WL#13377: Add support for hash outer, anti and semi join

Affects: Server-8.0   —   Status: Complete

WL#2241 added support for hash inner join as a replacement for block nested-
loop. This worklog aims to implement the remaining types of joins supported in 
mysql; outer-, anti- and semijoin. As with WL#2241, this worklog will simply 
replace block nested-loop with hash join. The optimizer will still generate 
execution plans thinking it will execute a block nested-loop.

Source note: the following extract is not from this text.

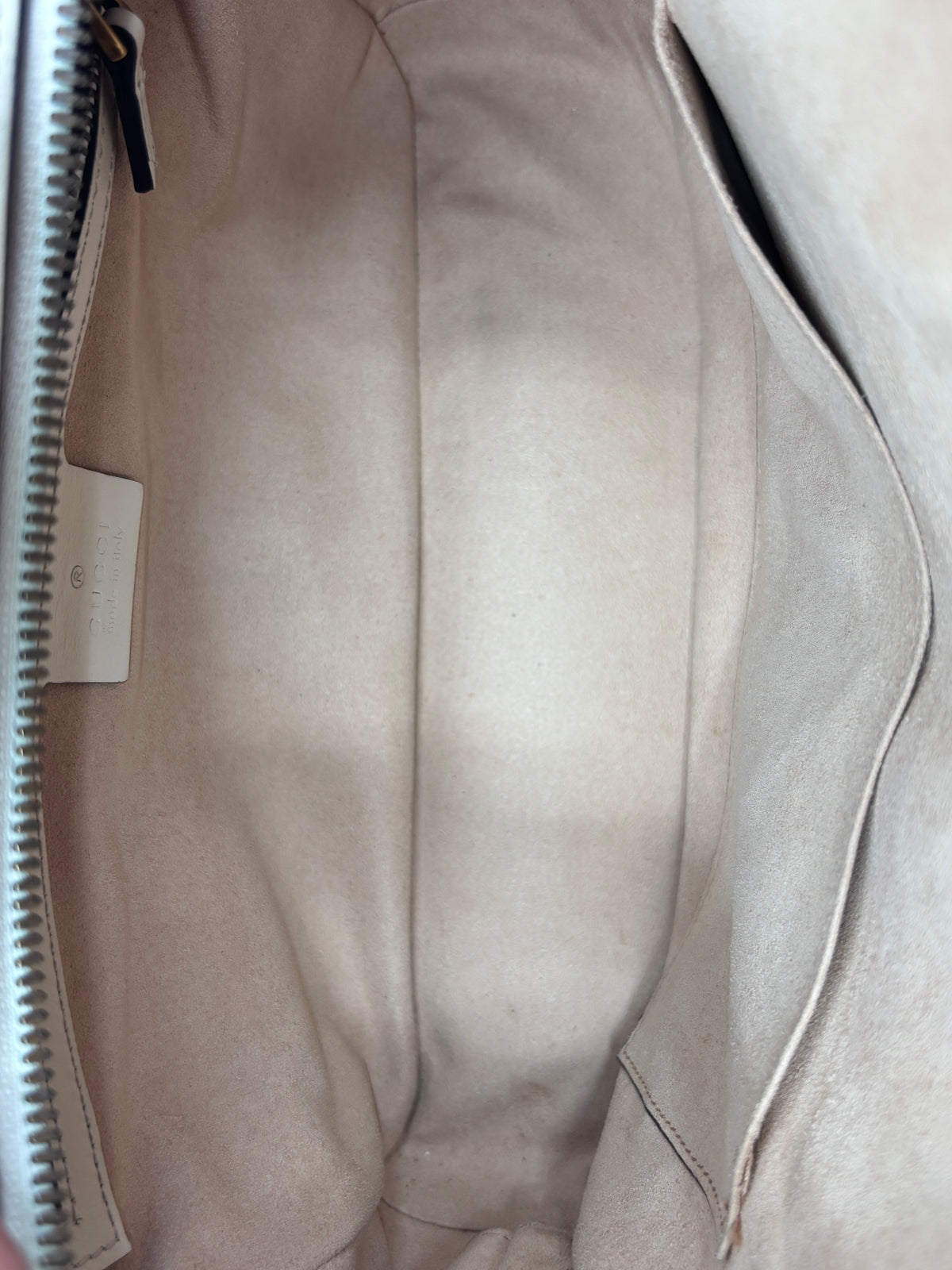 Interior view of a preloved Gucci GG Marmont bag with beige suede lining and Gucci leather brand tag by Posh Purse Co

In WL#2241, we chose not to replace block nested-loop with hash join if the only 
join condition was a non equi-join. We will lift this restriction in this 
worklog. This means that all queries using BNL will execute using hash join 
given that the query does not contain anything that the iterator executor does 
not yet support (i.e. BKA outer join).

Example plans

Inner non equi-join

EXPLAIN FORMAT=tree SELECT * FROM t1 JOIN t2 ON t1.col1 < t2.col1;
-> Filter: (t1.col1 < t2.col1)  (cost=0.70 rows=1)
    -> Inner hash join  (cost=0.70 rows=1)
        -> Table scan on t2  (cost=0.35 rows=1)
        -> Hash
            -> Table scan on t1  (cost=0.35 rows=1)

Semijoin

EXPLAIN FORMAT=tree SELECT * FROM t1 WHERE (t1.i) IN (SELECT t2.i FROM t2);
-> Hash semijoin (t2.i = t1.i)  (cost=0.83 rows=2)
    -> Table scan on t1  (cost=0.45 rows=2)
    -> Hash
        -> Table scan on t2  (cost=0.18 rows=2)

Antijoin

EXPLAIN FORMAT=tree
  SELECT * FROM t2 WHERE NOT EXISTS (SELECT * FROM t1 WHERE t1.col1 = t2.col1);
-> Hash anti-join (t1.col1 = t2.col1)  (cost=1.15 rows=6)
    -> Table scan on t2  (cost=0.55 rows=3)
    -> Hash
        -> Table scan on t1  (cost=0.30 rows=2)

Left outer join

EXPLAIN FORMAT=tree SELECT * FROM t1 LEFT JOIN t2 ON t1.col1 = t2.col1;
-> Left hash join (t2.col1 = t1.col1)  (cost=0.63 rows=2)
    -> Table scan on t1  (cost=0.45 rows=2)
    -> Hash
        -> Table scan on t2  (cost=0.18 rows=1)

Right outer join
Note that MySQL rewrites all right outer joins to left outer joins.

EXPLAIN FORMAT=tree SELECT * FROM t1 LEFT JOIN t2 ON t1.col1 = t2.col1;
 -> Left hash join (t1.col1 = t2.col1)  (cost=0.70 rows=1)
    -> Table scan on t2  (cost=0.35 rows=1)
    -> Hash
        -> Table scan on t1  (cost=0.35 rows=1)